- How to complete this task -
Produce the records again in full, exactly as shown below.

========

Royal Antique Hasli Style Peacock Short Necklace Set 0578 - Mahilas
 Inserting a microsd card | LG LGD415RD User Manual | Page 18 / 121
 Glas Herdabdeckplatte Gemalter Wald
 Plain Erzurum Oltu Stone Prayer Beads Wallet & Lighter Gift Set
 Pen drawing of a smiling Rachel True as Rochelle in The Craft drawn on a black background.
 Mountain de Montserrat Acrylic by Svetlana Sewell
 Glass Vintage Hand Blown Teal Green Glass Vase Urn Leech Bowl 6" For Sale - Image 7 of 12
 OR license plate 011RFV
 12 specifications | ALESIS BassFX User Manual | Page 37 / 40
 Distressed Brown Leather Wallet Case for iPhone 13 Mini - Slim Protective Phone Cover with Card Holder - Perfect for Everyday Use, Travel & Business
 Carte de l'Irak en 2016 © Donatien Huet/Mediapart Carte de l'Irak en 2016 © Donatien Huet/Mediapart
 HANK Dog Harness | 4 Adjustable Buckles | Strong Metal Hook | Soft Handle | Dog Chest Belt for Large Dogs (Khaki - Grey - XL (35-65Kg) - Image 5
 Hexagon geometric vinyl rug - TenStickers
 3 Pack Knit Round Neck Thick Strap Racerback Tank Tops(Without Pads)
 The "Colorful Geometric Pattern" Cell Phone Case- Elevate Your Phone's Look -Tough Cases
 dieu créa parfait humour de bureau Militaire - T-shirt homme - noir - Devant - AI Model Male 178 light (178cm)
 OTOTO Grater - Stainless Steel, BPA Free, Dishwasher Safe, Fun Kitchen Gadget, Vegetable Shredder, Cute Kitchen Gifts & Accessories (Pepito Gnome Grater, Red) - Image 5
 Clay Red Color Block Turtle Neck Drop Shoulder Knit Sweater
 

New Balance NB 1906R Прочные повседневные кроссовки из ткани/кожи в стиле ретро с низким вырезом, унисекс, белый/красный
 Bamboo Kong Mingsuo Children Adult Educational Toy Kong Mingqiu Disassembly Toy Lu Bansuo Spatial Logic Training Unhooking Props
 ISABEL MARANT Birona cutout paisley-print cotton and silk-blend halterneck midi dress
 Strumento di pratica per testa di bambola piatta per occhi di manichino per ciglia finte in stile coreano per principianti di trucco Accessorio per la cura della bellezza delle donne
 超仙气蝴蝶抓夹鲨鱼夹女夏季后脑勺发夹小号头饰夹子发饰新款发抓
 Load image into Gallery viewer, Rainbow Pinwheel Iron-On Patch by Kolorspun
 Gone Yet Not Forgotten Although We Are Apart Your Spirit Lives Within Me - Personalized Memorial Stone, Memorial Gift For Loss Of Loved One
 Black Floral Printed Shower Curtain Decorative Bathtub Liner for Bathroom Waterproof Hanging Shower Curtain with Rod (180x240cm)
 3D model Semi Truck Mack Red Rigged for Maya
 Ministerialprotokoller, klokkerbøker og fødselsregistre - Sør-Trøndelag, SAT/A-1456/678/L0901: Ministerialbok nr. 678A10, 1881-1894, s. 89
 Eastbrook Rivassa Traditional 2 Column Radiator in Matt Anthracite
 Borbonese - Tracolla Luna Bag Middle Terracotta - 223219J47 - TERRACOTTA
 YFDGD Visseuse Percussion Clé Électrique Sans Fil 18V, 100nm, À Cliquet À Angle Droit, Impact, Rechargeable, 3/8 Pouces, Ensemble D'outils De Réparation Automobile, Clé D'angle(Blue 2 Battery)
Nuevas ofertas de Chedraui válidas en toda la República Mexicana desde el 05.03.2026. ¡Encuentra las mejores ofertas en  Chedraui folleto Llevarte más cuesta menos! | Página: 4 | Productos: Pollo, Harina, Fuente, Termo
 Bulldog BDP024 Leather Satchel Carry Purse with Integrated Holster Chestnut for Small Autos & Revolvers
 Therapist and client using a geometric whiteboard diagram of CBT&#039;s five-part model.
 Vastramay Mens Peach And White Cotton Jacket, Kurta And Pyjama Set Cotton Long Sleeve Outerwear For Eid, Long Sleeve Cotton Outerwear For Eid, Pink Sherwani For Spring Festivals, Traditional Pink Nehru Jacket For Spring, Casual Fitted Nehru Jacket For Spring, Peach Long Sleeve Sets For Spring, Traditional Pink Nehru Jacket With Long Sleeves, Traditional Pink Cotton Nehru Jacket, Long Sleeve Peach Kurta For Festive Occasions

========

- Answer section -
Royal Antique Hasli Style Peacock Short Necklace Set 0578 - Mahilas
 Inserting a microsd card | LG LGD415RD User Manual | Page 18 / 121
 Glas Herdabdeckplatte Gemalter Wald
 Plain Erzurum Oltu Stone Prayer Beads Wallet & Lighter Gift Set
 Pen drawing of a smiling Rachel True as Rochelle in The Craft drawn on a black background.
 Mountain de Montserrat Acrylic by Svetlana Sewell
 Glass Vintage Hand Blown Teal Green Glass Vase Urn Leech Bowl 6" For Sale - Image 7 of 12
 OR license plate 011RFV
 12 specifications | ALESIS BassFX User Manual | Page 37 / 40
 Distressed Brown Leather Wallet Case for iPhone 13 Mini - Slim Protective Phone Cover with Card Holder - Perfect for Everyday Use, Travel & Business
 Carte de l'Irak en 2016 © Donatien Huet/Mediapart Carte de l'Irak en 2016 © Donatien Huet/Mediapart
 HANK Dog Harness | 4 Adjustable Buckles | Strong Metal Hook | Soft Handle | Dog Chest Belt for Large Dogs (Khaki - Grey - XL (35-65Kg) - Image 5
 Hexagon geometric vinyl rug - TenStickers
 3 Pack Knit Round Neck Thick Strap Racerback Tank Tops(Without Pads)
 The "Colorful Geometric Pattern" Cell Phone Case- Elevate Your Phone's Look -Tough Cases
 dieu créa parfait humour de bureau Militaire - T-shirt homme - noir - Devant - AI Model Male 178 light (178cm)
 OTOTO Grater - Stainless Steel, BPA Free, Dishwasher Safe, Fun Kitchen Gadget, Vegetable Shredder, Cute Kitchen Gifts & Accessories (Pepito Gnome Grater, Red) - Image 5
 Clay Red Color Block Turtle Neck Drop Shoulder Knit Sweater
 

New Balance NB 1906R Прочные повседневные кроссовки из ткани/кожи в стиле ретро с низким вырезом, унисекс, белый/красный
 Bamboo Kong Mingsuo Children Adult Educational Toy Kong Mingqiu Disassembly Toy Lu Bansuo Spatial Logic Training Unhooking Props
 ISABEL MARANT Birona cutout paisley-print cotton and silk-blend halterneck midi dress
 Strumento di pratica per testa di bambola piatta per occhi di manichino per ciglia finte in stile coreano per principianti di trucco Accessorio per la cura della bellezza delle donne
 超仙气蝴蝶抓夹鲨鱼夹女夏季后脑勺发夹小号头饰夹子发饰新款发抓
 Load image into Gallery viewer, Rainbow Pinwheel Iron-On Patch by Kolorspun
 Gone Yet Not Forgotten Although We Are Apart Your Spirit Lives Within Me - Personalized Memorial Stone, Memorial Gift For Loss Of Loved One
 Black Floral Printed Shower Curtain Decorative Bathtub Liner for Bathroom Waterproof Hanging Shower Curtain with Rod (180x240cm)
 3D model Semi Truck Mack Red Rigged for Maya
 Ministerialprotokoller, klokkerbøker og fødselsregistre - Sør-Trøndelag, SAT/A-1456/678/L0901: Ministerialbok nr. 678A10, 1881-1894, s. 89
 Eastbrook Rivassa Traditional 2 Column Radiator in Matt Anthracite
 Borbonese - Tracolla Luna Bag Middle Terracotta - 223219J47 - TERRACOTTA
 YFDGD Visseuse Percussion Clé Électrique Sans Fil 18V, 100nm, À Cliquet À Angle Droit, Impact, Rechargeable, 3/8 Pouces, Ensemble D'outils De Réparation Automobile, Clé D'angle(Blue 2 Battery)
Nuevas ofertas de Chedraui válidas en toda la República Mexicana desde el 05.03.2026. ¡Encuentra las mejores ofertas en  Chedraui folleto Llevarte más cuesta menos! | Página: 4 | Productos: Pollo, Harina, Fuente, Termo
 Bulldog BDP024 Leather Satchel Carry Purse with Integrated Holster Chestnut for Small Autos & Revolvers
 Therapist and client using a geometric whiteboard diagram of CBT&#039;s five-part model.
 Vastramay Mens Peach And White Cotton Jacket, Kurta And Pyjama Set Cotton Long Sleeve Outerwear For Eid, Long Sleeve Cotton Outerwear For Eid, Pink Sherwani For Spring Festivals, Traditional Pink Nehru Jacket For Spring, Casual Fitted Nehru Jacket For Spring, Peach Long Sleeve Sets For Spring, Traditional Pink Nehru Jacket With Long Sleeves, Traditional Pink Cotton Nehru Jacket, Long Sleeve Peach Kurta For Festive Occasions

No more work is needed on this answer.